Hoy, ya nos encontramos en el grupo de quienes apuran sus últimos coletazos profesionales, de los prejubilados, de las víctimas del “hay que rejuvenecer la compañía”. Somos con probabilidad los últimos en cobrar pensión pública. Pero somos también, aunque nadie lo reconozca, los que mantenemos a nuestros hijos en casa hasta los treinta y muchos, y los que cuidamos a nuestros padres –los que tengan la surte de conservarlos–, ya sea en casa o en la residencia.

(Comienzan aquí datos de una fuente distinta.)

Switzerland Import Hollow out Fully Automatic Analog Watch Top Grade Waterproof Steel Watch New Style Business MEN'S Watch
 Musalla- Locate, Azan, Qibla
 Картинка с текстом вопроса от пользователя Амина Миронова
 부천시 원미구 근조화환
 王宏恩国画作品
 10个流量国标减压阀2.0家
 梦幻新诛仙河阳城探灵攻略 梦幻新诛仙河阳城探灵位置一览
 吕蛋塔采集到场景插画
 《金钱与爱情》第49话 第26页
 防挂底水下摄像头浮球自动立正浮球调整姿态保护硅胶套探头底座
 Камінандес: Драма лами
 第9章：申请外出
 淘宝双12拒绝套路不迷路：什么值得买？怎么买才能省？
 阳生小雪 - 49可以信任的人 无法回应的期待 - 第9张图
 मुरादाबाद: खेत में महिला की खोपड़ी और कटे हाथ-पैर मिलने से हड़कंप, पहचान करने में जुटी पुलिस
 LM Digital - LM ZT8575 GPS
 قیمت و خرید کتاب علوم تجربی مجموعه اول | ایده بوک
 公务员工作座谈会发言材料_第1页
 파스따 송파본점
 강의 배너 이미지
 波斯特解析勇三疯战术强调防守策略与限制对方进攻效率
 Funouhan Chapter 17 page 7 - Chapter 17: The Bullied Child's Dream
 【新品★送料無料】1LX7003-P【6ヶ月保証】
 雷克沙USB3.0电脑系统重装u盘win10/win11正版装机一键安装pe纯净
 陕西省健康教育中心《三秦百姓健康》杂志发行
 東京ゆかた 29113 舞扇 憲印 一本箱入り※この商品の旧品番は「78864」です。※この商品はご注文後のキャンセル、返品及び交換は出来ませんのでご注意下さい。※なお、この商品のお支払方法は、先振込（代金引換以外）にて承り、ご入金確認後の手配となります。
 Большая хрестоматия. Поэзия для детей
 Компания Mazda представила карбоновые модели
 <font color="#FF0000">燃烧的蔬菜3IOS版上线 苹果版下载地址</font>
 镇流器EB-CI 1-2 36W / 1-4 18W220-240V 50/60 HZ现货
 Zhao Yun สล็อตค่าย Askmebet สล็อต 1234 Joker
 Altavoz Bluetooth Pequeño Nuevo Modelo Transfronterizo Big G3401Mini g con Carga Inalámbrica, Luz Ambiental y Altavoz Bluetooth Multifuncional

En la cola, las jovencísimas chicas de la tele nos escrutan uno a uno para ver si damos bien ante la cámara y entrevistarnos en directo en el programa de Ana Rosa o en el “Espejo Público” de Susanna Griso. Son las mismas chicas que luego nos denominan los mayores, cuando no los viejos, de entre 60 y 69. Esos señores a los que se les suministrará la vacuna AstraZeneca –veremos a ver qué pasa con la Janssen–, porque está científicamente probado que no padeceremos los efectos secundarios que sí podrían sufrir los de 59 o los de 70. Tenemos que asumir que, a falta de una división más científica –como churras o merinas–, de alguna forma hay que repartir el rebaño.

Pero que nada opaque el momento feliz del gran avance de la ciencia, del gran paso de la humanidad, capaz de crear una vacuna en tiempo récord. Somos una generación tan privilegiada que seremos los primeros en vivir mejor de lo que vivieron nuestros padres y, si nada cambia, mejor de lo que vivirán sus hijos. Y, por si fuera poco, ya estamos vacunados. Algún día hablarán de nosotros como de la generación que se inmunizó, sacrificándose por las demás, con la vacuna AstraZeneca, de tan mala reputación. ¿Qué más se puede pedir?